Selon cet auteur un peu particulier, ce qui est le plus long et dure chez les Noirs, Camerounais de la région parisienne, ce sont les études ! P.120. Ce qui s’interprèterait facilement dans le lectorat français comme des limites intellectuelles intrinsèques des Noirs camerounais, une espèce d’infériorité raciale justifiant la longueur du parcours scolaire et à l’arrivée… les discriminations à l’embauche ! Bref un pot-pourri d’insanités où se mêlent indigences, incompétences, inconséquences et structure mentale traumatisée.
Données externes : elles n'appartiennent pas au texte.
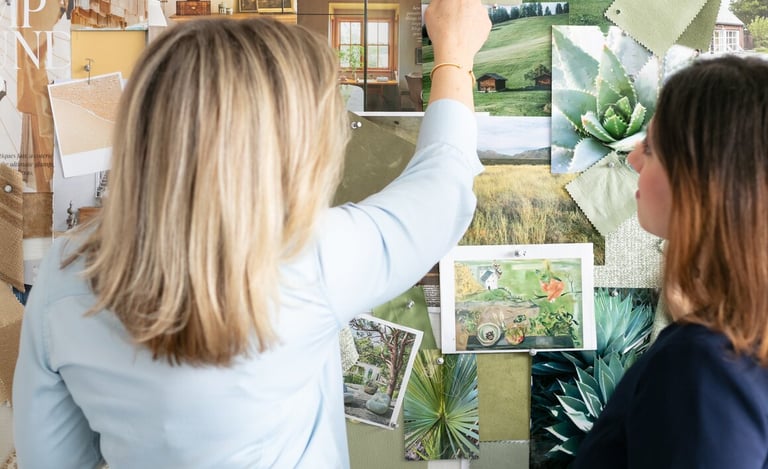 Interior designers review a green mood board with fabric swatches and nature photography for home decor inspiration.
La fuite devant sa couleur de peau, le permanent rejet de la culture, «le calvaire» d’être constamment renvoyé à une origine africaine, la phobie de l’identité boutée au rang d’archaïsme, sont le signe d’une pathologie propre aux dominés des espaces sociaux totalitaires. Kelman témoigne des épreuves douloureuses qu’il a vécues dans son parcours d’avant son best-seller. Exclusion, chômage, conditions de vie à la limite de la désocialisation. Face à un mur raciste français, auréolé des principes ouverts de la république et enraciné dans des pratiques inoxydables de rejet, la mentalité de la victime s’adapte de plusieurs façons. D’aucuns vont s’en prendre à leur identité, leur apparence, leur accent, attributs involontaires qui les rendent repérables et donc méprisables. Ils développent une haine de soi, de cette peau au nom de laquelle ils sont entièrement à part. Ils aimeraient crier qu’on ne les regarde pas comme des Noirs, des Nègres. La preuve, ils s’en prennent aux autres Nègres, à leur prétention identitaire. Ils jurent qu’ils sont comme les Blancs, excepté cette couleur damnée, ils n’ont pas d’origine, de culture, ce sont celles de leurs lointains ancêtres.
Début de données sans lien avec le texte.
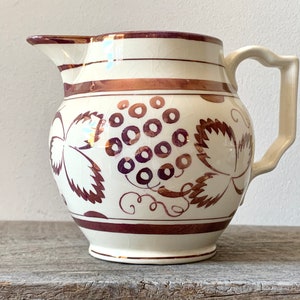 May include: Cream-colored ceramic pitcher with a brown grape design. The pitcher has a curved handle and a spout. The grape design includes clusters of grapes and leaves. Brown bands encircle the top and base of the pitcher.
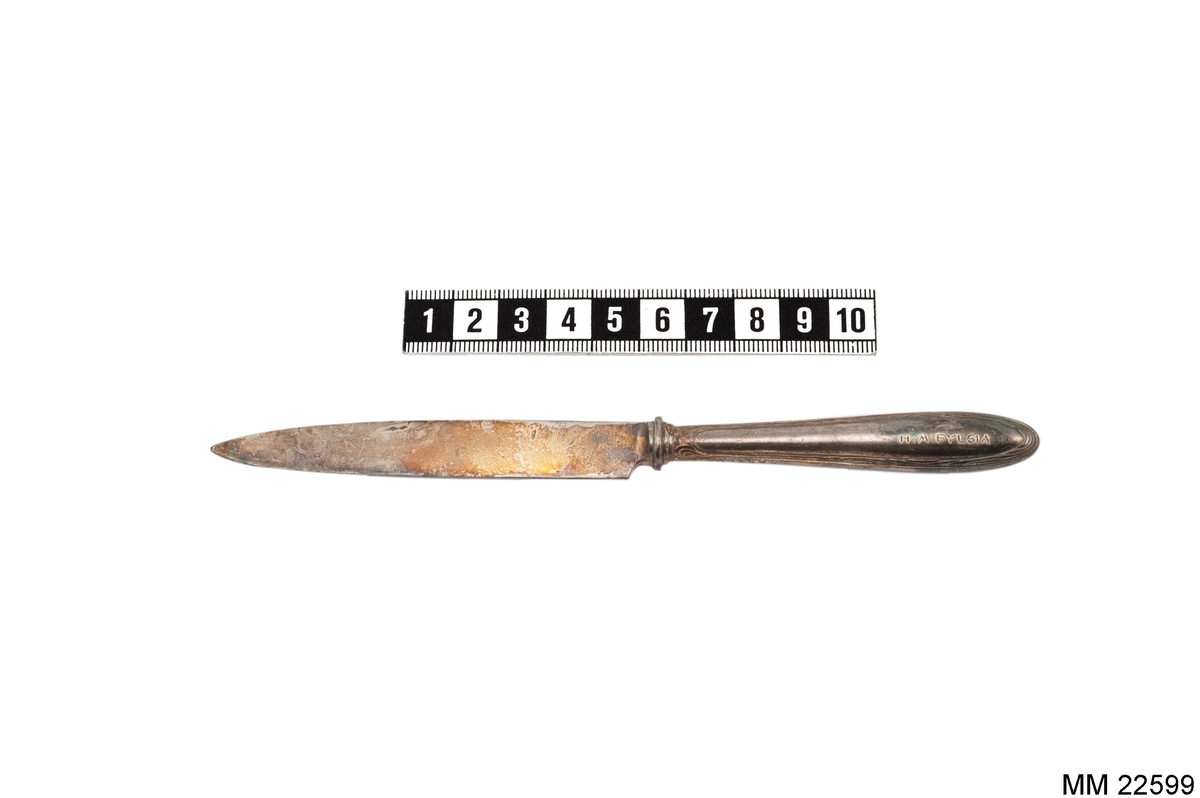 Fruktkniv, skaft med vågformad slinga längs kanten.
Märkt på skaftet: "H.M. FYLGIA" samt på knivbladet: "KA ALPACCA 45GR".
Cette pathologie a été observée dans toutes les situations de totalitarismes où des groupes sociaux disposaient de caractéristiques visibles stigmatisées, esclaves Noirs se rangeant aux côtés des maîtres, victimes du nazisme se mettant au service de l’oppression, etc. C’est un fait que par faiblesse et calcul de survie, certains dominés rejettent leurs caractéristiques apparentes et adoptent au besoin tout ou partie de l’idéologie qui les étouffe en espérant être les exceptions que le maître rachètera, au prix d’un zèle éperdu. Ils distillent de temps à autre des critiques superficielles contre le dominant, que celui-ci, au fait du jeu non dit, saura ne pas retenir, mettant en exergue la contribution d’une poignée d’asservis à leur exclusion.
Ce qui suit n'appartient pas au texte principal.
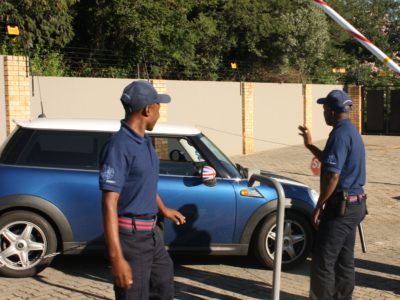 Guards ensuring clients drive out safely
Il y a en effet chez Kelman ce délire du Noir qui a compris, qui ne se comporte pas comme les autres, qui ne porte pas de boubou parce que, dans la région d’où il vient on ne porte pas de boubou ! Kelman fuit tellement ce qui pourrait le mettre dans la mauvaise catégorie, aux yeux des Blancs, qu’il en arrive à oublier qu’il peut porter un boubou si cela lui agrée. Et non pas seulement en fonction des vêtements que l’on aurait arborés usuellement dans son village il y a un demi siècle ! Ceci supposerait qu’il ait son libre arbitre pour lui, et qu’il ne soit pas un somnambule de l’objectif de ne pas se rajouter des éléments visuels évoquant l’Afrique.

Le Noir n’aimant pas le manioc est à prendre tout sauf sous l’angle d’une pertinence de la réflexion, ou des propositions, encore moins des anecdotes qui fleurent bon l’accroche commerciale. Certes Kelman se sort à merveille d’un exercice et d’un seul : il cite deux auteurs à lire, relire et redécouvrir, Aimé Césaire et Cheikh Anta Diop. Au-delà de cet exercice herculéen, l’ouvrage relève du cas clinique, proposant d’accepter le racisme et d’attendre que celui s’estompe au profit d’autres discriminations.

La répercussion médiatique de cette longue supplique aux Blancs, est aussi l’écho de l’absence cruelle d’une pensée fédératrice et puissante émanant des Noirs, Africains, Descendants d’Afrique et dominés du monde actuel. De ce vide n’importe quelle cacophonie peut se répandre en solution miracle, ou en œuvre déterminante. Mais la prolifération des écriveurs n’est pas neutre dans l’utilisation que la domination blanche saura en faire pour en retour culpabiliser les laissés-pour-compte, et leur retirer tout avantage moral devant la barbarie sociale qu’ils essuient.